§ **Material shown**
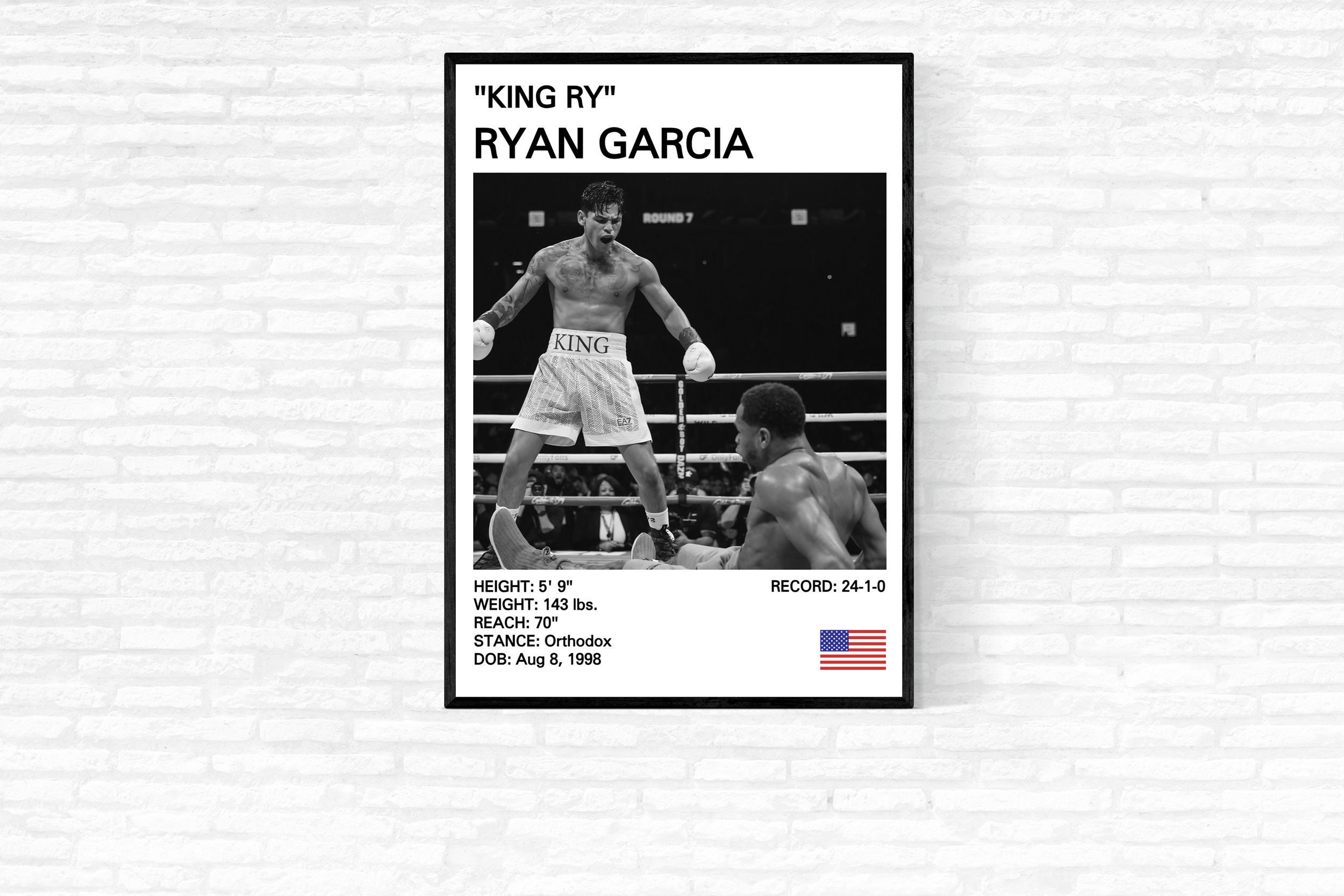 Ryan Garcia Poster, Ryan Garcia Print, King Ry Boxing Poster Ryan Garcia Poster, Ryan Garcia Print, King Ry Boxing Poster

...

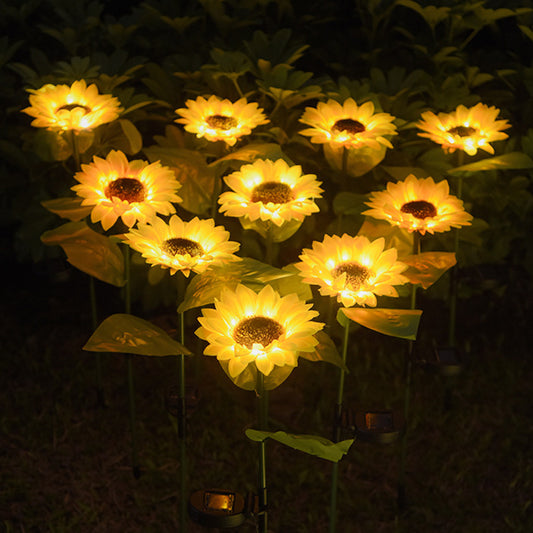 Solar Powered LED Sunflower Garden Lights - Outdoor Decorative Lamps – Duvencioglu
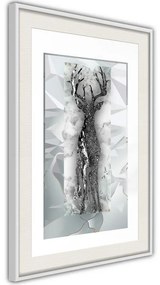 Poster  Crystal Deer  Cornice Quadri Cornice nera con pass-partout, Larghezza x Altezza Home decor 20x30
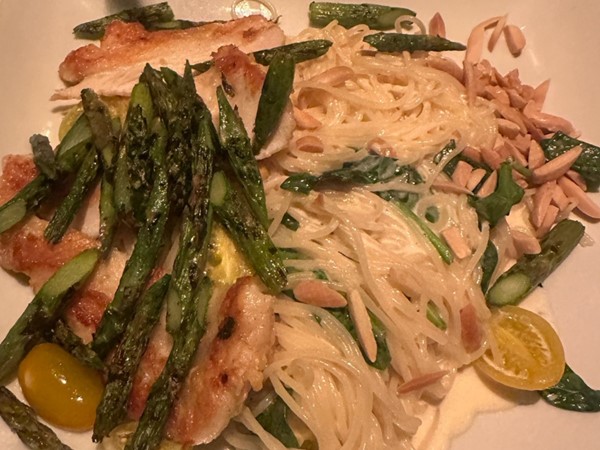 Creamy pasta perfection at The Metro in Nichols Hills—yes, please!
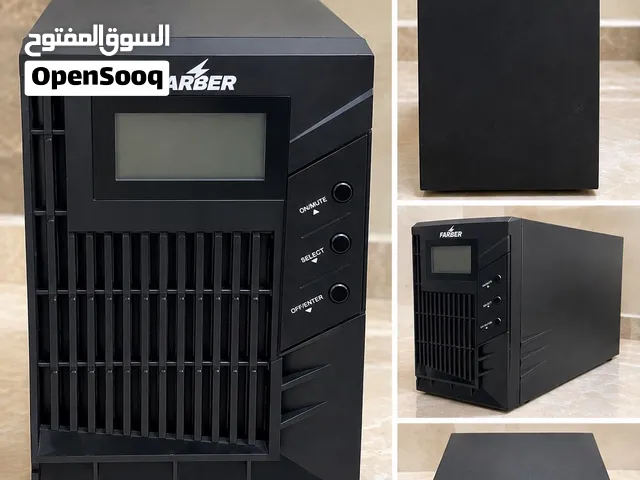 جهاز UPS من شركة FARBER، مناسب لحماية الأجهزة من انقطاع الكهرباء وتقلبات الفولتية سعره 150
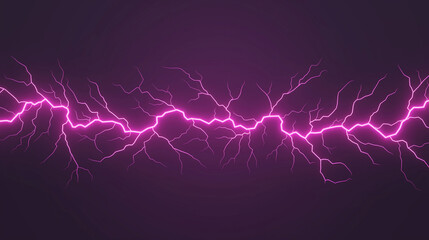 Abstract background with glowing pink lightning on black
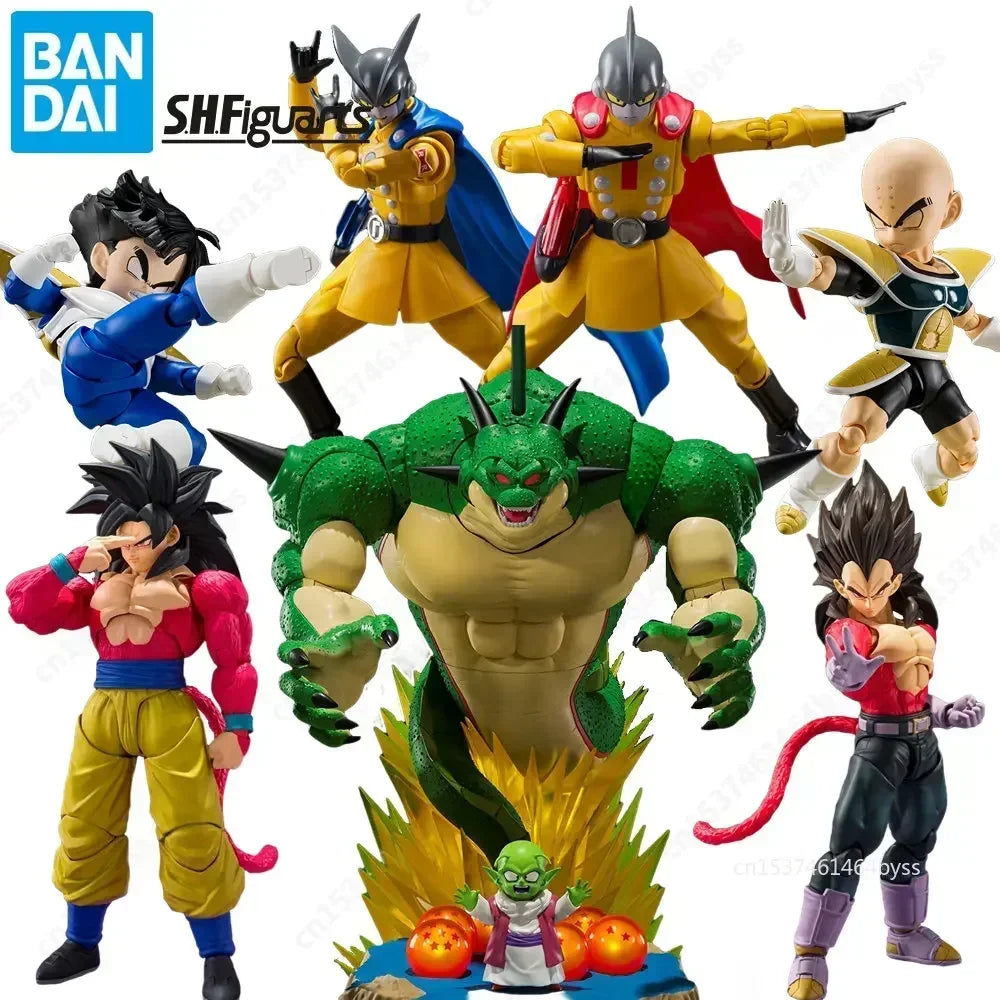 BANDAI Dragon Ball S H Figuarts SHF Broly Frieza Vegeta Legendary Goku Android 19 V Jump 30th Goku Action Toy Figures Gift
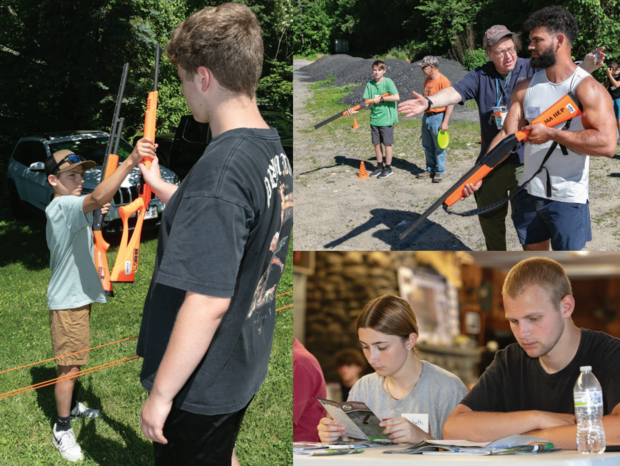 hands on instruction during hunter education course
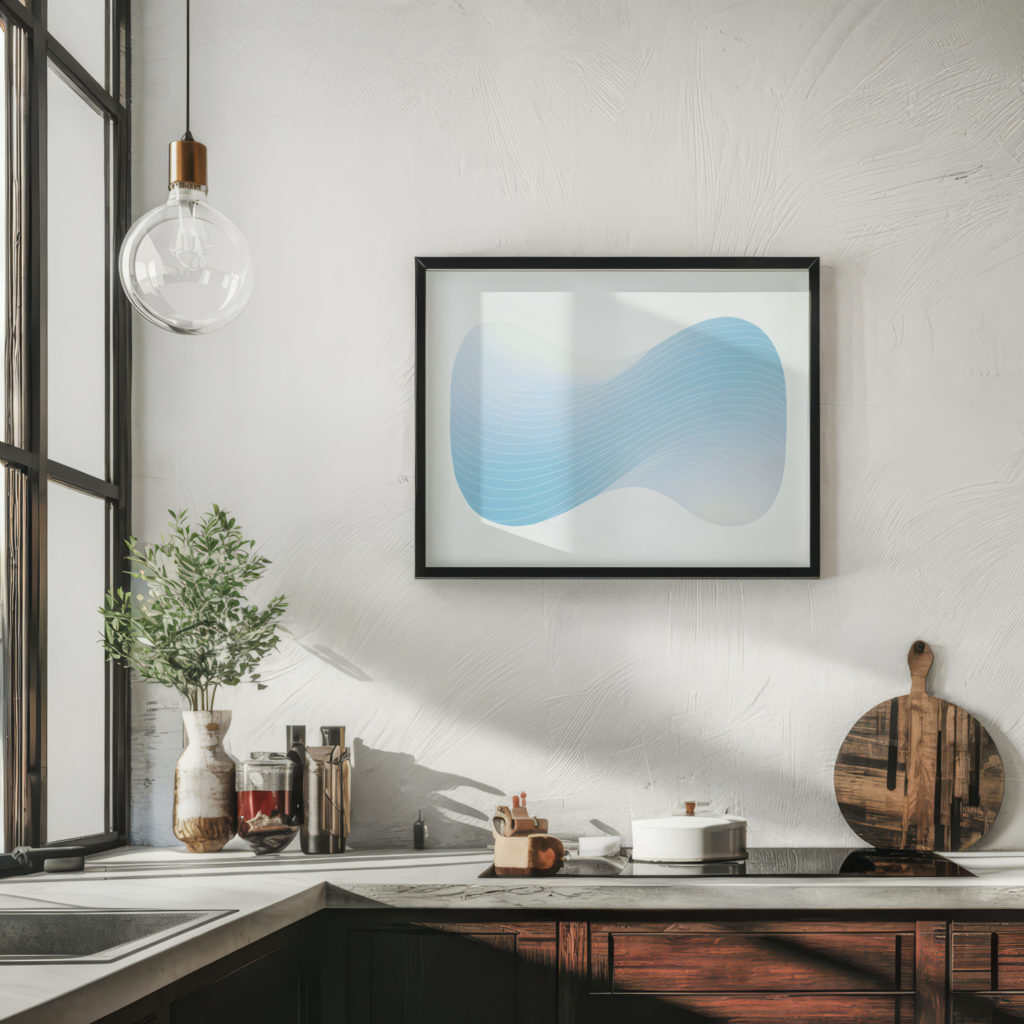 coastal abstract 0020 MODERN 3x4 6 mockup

§ **Problem to work on**
From the records above, write out exactly the lines that begin at the line with "Solar Powered LED" and end at the line with "coastal abstract 0020 MODERN 3x4 6 mockup". Pictures must not appear in the output.

§ **Result**
 Solar Powered LED Sunflower Garden Lights - Outdoor Decorative Lamps – Duvencioglu
 Poster  Crystal Deer  Cornice Quadri Cornice nera con pass-partout, Larghezza x Altezza Home decor 20x30
 Creamy pasta perfection at The Metro in Nichols Hills—yes, please!
 جهاز UPS من شركة FARBER، مناسب لحماية الأجهزة من انقطاع الكهرباء وتقلبات الفولتية سعره 150
 Abstract background with glowing pink lightning on black
 BANDAI Dragon Ball S H Figuarts SHF Broly Frieza Vegeta Legendary Goku Android 19 V Jump 30th Goku Action Toy Figures Gift
 hands on instruction during hunter education course
 coastal abstract 0020 MODERN 3x4 6 mockup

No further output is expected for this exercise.